Not so, thus far, in other federal jurisdictions outside Washington. The U.S. criminal code contains no postacquittal commitment provision, though Senator Robert Kennedy is trying to get one enacted. The code permits only temporary pretrial mental examination to determine whether a defendant is competent to stand trial. If he is competent, says the code, that finding “shall in no way prejudice the accused in a plea of insanity as a defense against the crime charged.” In short, he may be acquitted as legally insane at the time of his crime—but his trial itself would conceivably signify that he had since become legally sane.

Federal Flaw. In such cases, federal prosecutors often ask state officials to start civil commitment proceedings against an acquitted federal defendant.

But a New Yorker can be committed only if he is presently insane, and more dangerously ill than the minimum required by the rather loose Freeman standards. Thus, if an allegedly insane tax defendant is sane enough to stand trial, he seems unlikely to face state commitment upon his federal acquittal.

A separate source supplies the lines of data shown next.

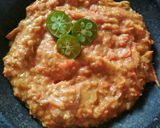 Foto langkah ke 3 dari resep Sambel tomat terasi.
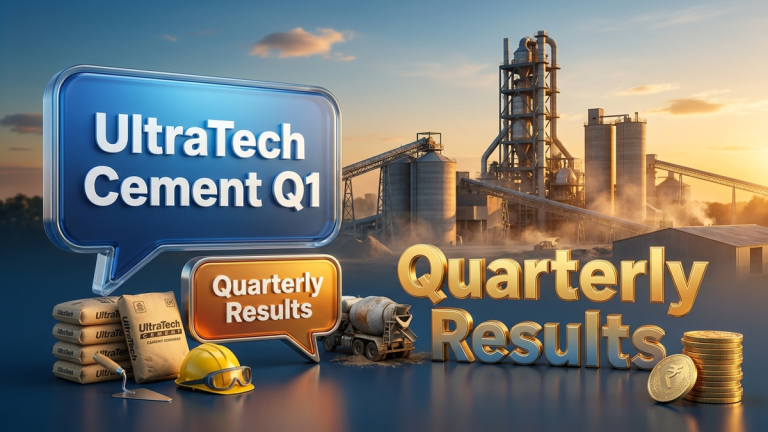 UltraTech Cement Q1 results FY27 saw robust volume growth as Jefferies noted improving operating metrics for the firm. Future margin gains remain a top focus.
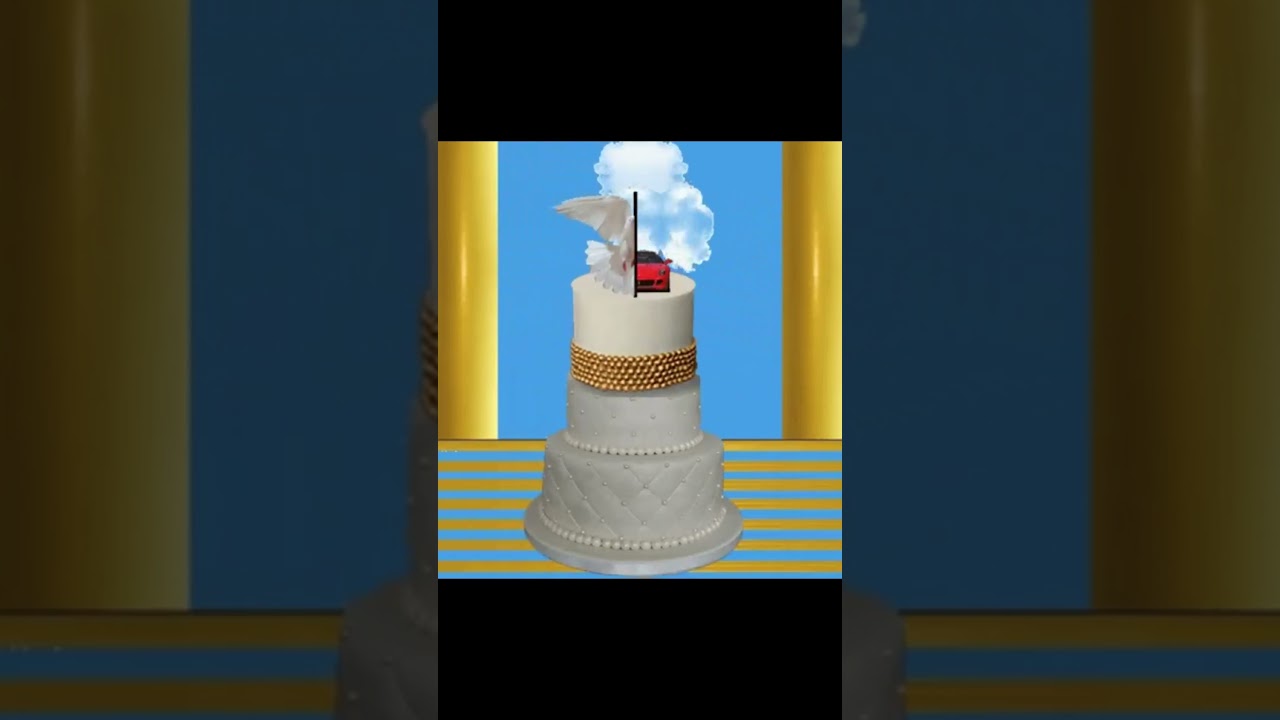 76 She wants a bride on top, he a car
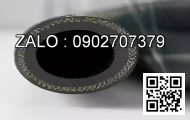Ống thủy lực 1/2 inch x 360mm x 250 bar. Hai đầu thẳng, côn lồi, ren 1/2 inch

If Lawyers Sheller and Driscoll are acquitted, they may well go on practicing as ably and profitably as ever. The New York City Bar Association might try to have them disbarred. But on what grounds? Their competency to stand trial would make insanity tough to prove. And their acquittals would make the tax charges look unusable. There may be other grounds, but thus far no bar group in the U.S. has faced this particular situation. So until the law changes, it seems that the best way to beat taxes is to go crazy—temporarily.